Ricardo Fernandes, natural de Monção, está desde 2012 a trabalhar em Estocolmo
A dança das nanomoléculas em Estocolmo
Estudos de dispersão de nanomateriais em sistemas aquosos por ressonância magnética: esta é a descrição técnica no perfil de Ricardo Fernandes na rede GPS, mas o especialista em química física procura descomplicar… um bocadinho: “Tento perceber como determinadas proteínas interagem com nanotubos de carbono. É como se medisse o ritmo de dança entre essas moléculas.” O palco desse espetáculo de bailado à escala nano, e só observável com a ajuda de aparelhos de ressonância magnética nuclear, é o Instituto Real de Tecnologia da Suécia (ITK), em Estocolmo. Natural de Monção, Ricardo fez os estudos superiores na Universidade do Porto e mudou-se para a Suécia em 2012, primeiro para fazer o doutoramento. Acabou por ser contratado como investigador e não é o único estrangeiro na equipa – aliás, o ITK, que é também universidade, orgulha-se de ter estudantes e investigadores de mais de cem nacionalidades. Se surgir uma boa oportunidade, Ricardo regressará a Portugal e partilha uma visão otimista. “A ciência, em Portugal, está no bom caminho, mas pode ser melhorada. Acho que a gestão das instituições e universidades deveria ser menos hierarquizada e os professores na universidade deveriam ter uma menor carga horária, para dedicarem mais tempo à investigação”, defende. Além disso, acredita que o investimento privado poderia dar um empurrão adicional ao trabalho dos cientistas, em vez de se exigir só mais financiamento público.

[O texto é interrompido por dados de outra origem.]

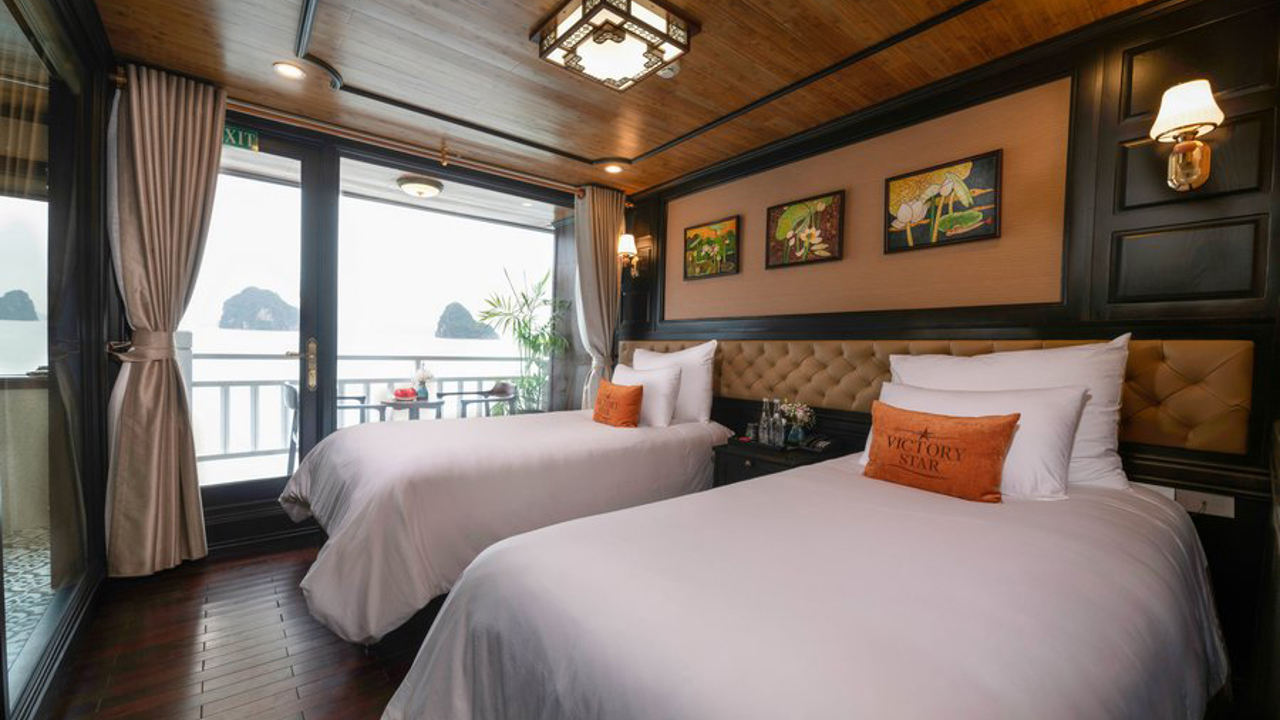 Victory Star Cruise Deluxe Ocean View Balcon 03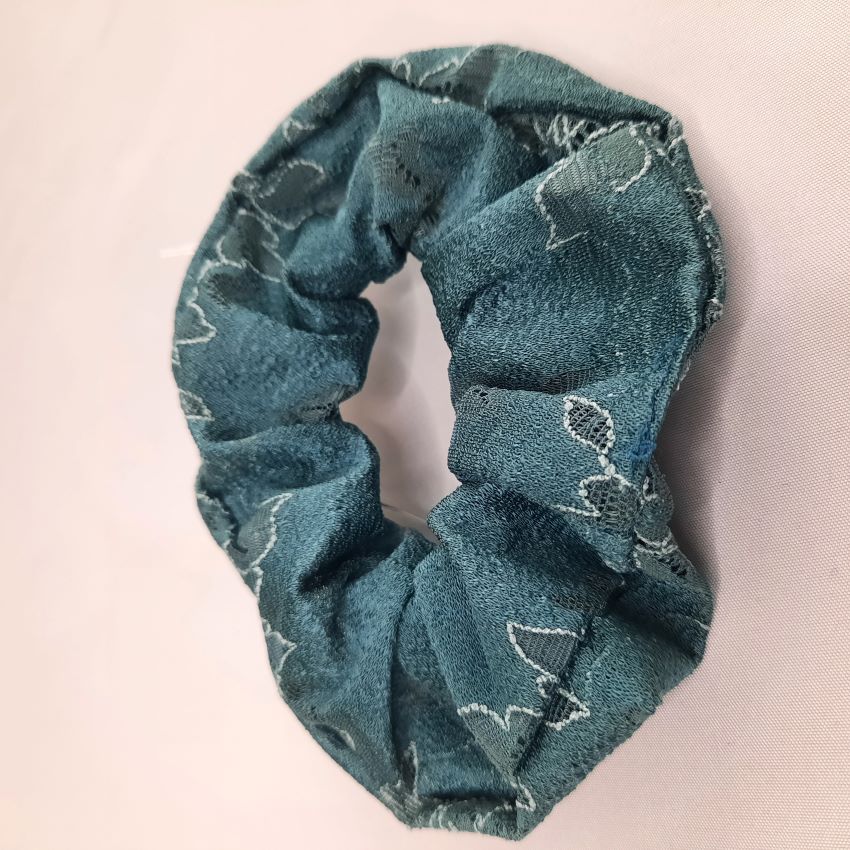 Scrunchie | Winded Leaves | Emerald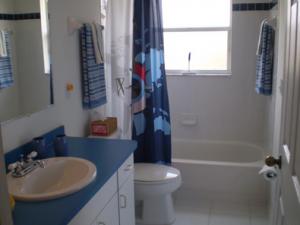 Bad mit Zugang zum Pool,Dusche,Badewanne
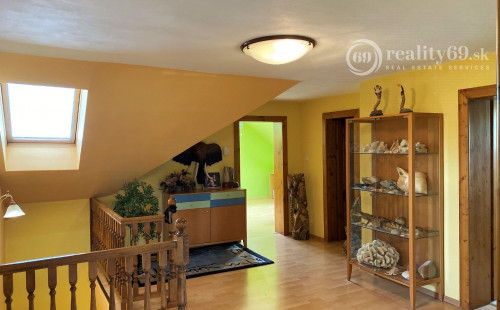 MYSLAVA - NOVÁ CENA - LUXUSNÁ 5 IZBOVÁ VILA S NÁDHERNÝM POZEMKOM PRE NÁROČNÉHO KLIENTA.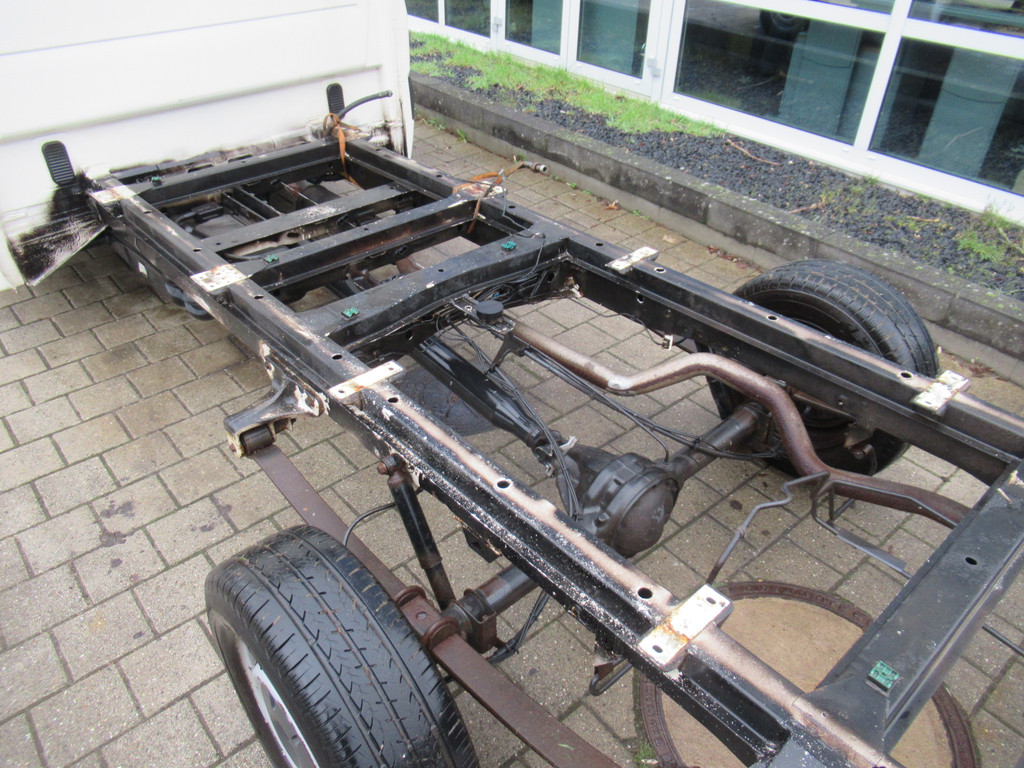 Mercedes-Benz 309 CDI Right Hand Drive Chassis 366 PTO 8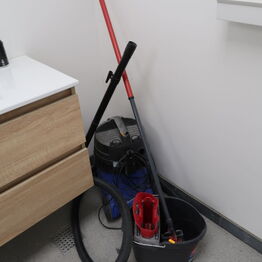 Level-Floor ApS *Del 1 - Værktøj & Varelager*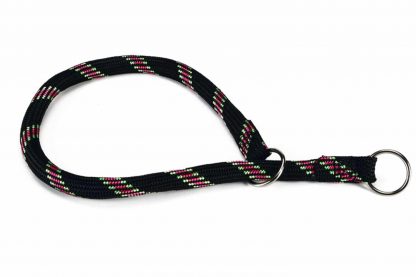 De Beeztees ronde nylon halsband is zeer gemakkelijk om te doen bij je hond. Verkrijgbaar in 5 verschillende maten, afhankelijk van de maat hond.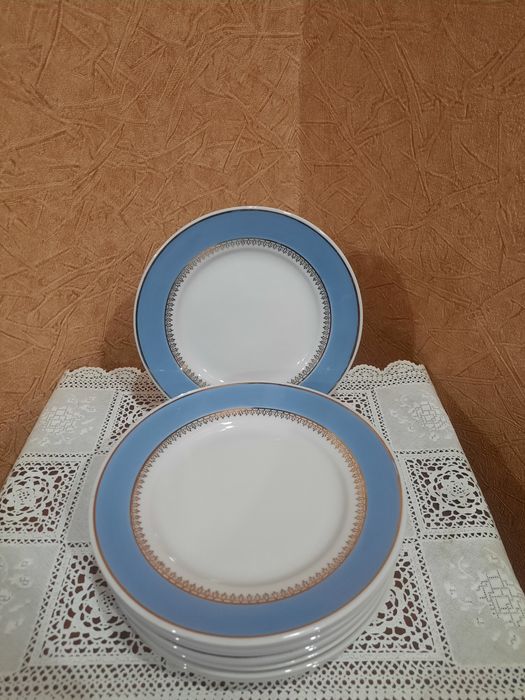 Абсолютно новые десертные тарелочки (d-17см) , Пролетарский ФЗ. Красив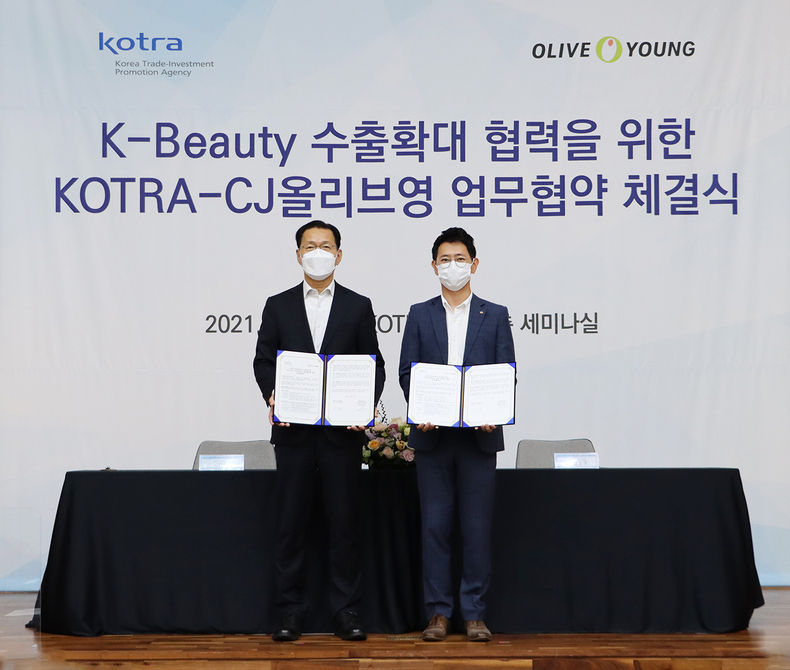 KOTRA(사장 유정열)가 29일 서울 염곡동 인베스트코리아플라자(IKP)에서 CJ올리브영(대표 구창근)과 K뷰티 수출 활성화를 위한 업무협약을 체결했다. 김상묵 KOTRA 혁신성장본부장(왼쪽)과 정윤규 CJ올리브영 경영지원담당 상무가 업무협약을 체결하고 기념 촬영을 하고 있다. 2021.09.29 (출처:KOTRA)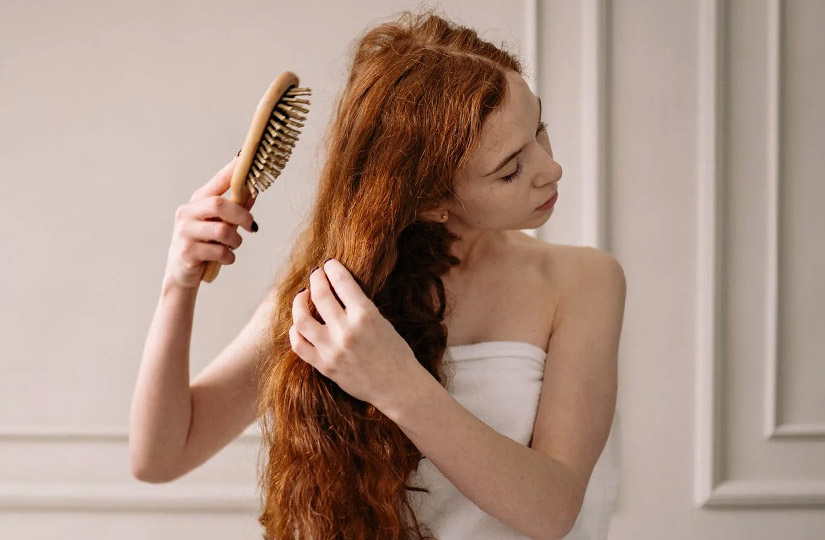 Від пілінгу до правильного рушника: сім перевірених способів швидко відростити довге та здорове волосся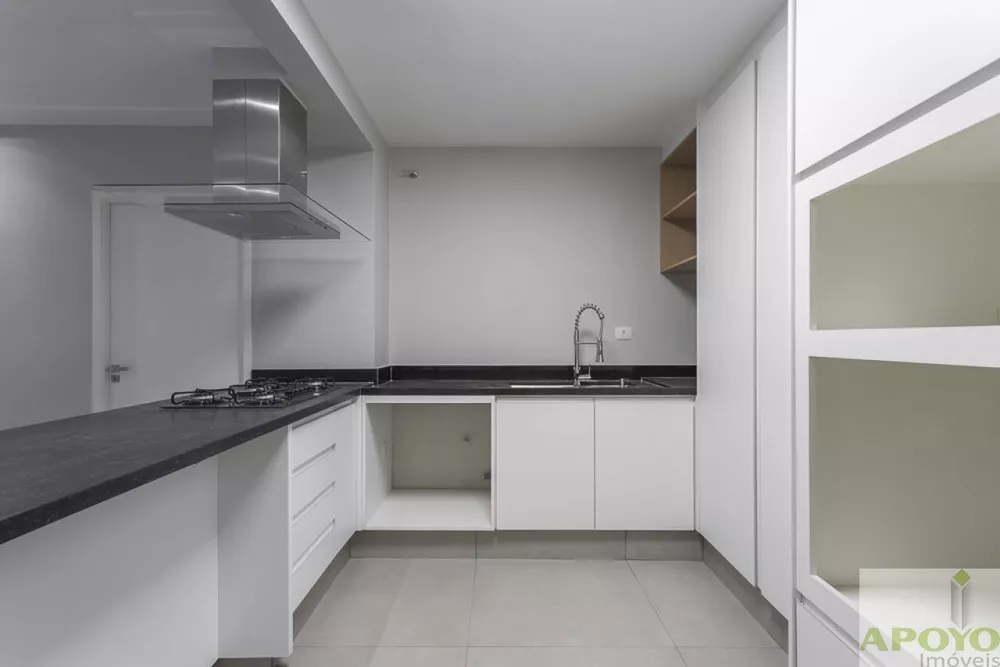 Apartamento à venda com 3 quartos, 149m² - Foto 2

Ana Pires é especialista em psicologia cognitiva e trabalha desde 2012 em Montevideu
Aprender com tablets no Uruguai
Ana Pires, 35 anos, saiu de Portugal em 2003 para fazer o doutoramento em Psicologia Cognitiva na Universidade Autónoma de Barcelona. Calhou-lhe um orientador de tese uruguaio, que a levaria a descobrir o país em 2011. Gostou tanto que se candidatou à Faculdade de Psicologia da Universidade da República em Montevideu e acabou por se instalar de armas e bagagens na América Latina. O desafio foi grande, conta. Trabalha desde 2012 no primeiro laboratório nacional nesta área, onde desenvolve e avalia jogos educativos de estimulação cognitiva para dispositivos eletrónicos e tenta perceber melhor os labirintos da perceção visual humana. Com aplicação prática imediata: no Uruguai, o governo oferece tablets a todas as crianças do ensino público, explica a investigadora, pelo que têm a possibilidade de usar as novas ferramentas em ambiente real e recolher dados. “O meu principal interesse é perceber como se adquirem as habilidades cognitivas durante a infância e como ‘entrena-las’ para potenciar o rendimento escolar”, diz Ana, que já deixa escapar o castelhano mesmo por escrito. Se há um português em cada canto do mundo, em Montevideu ainda se sente um pouco exótica, confessa. “Não somos muitos por aqui.” Tem saudades da família, dos amigos e de se sentar numa esplanada a ler o jornal com um bom café. “Gostava muito de voltar. Estou com muitos projetos aqui e cheia de oportunidades. Gostava de sentir o mesmo em Portugal”.